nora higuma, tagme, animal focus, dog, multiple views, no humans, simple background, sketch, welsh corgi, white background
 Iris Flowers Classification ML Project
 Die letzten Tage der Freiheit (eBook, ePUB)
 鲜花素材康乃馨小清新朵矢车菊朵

PROBLEM REQUIREMENTS :: Transcribe the data. Leave every line exactly as it is.

REPLY TO THE TASK ::
nora higuma, tagme, animal focus, dog, multiple views, no humans, simple background, sketch, welsh corgi, white background
 Iris Flowers Classification ML Project
 Die letzten Tage der Freiheit (eBook, ePUB)
 鲜花素材康乃馨小清新朵矢车菊朵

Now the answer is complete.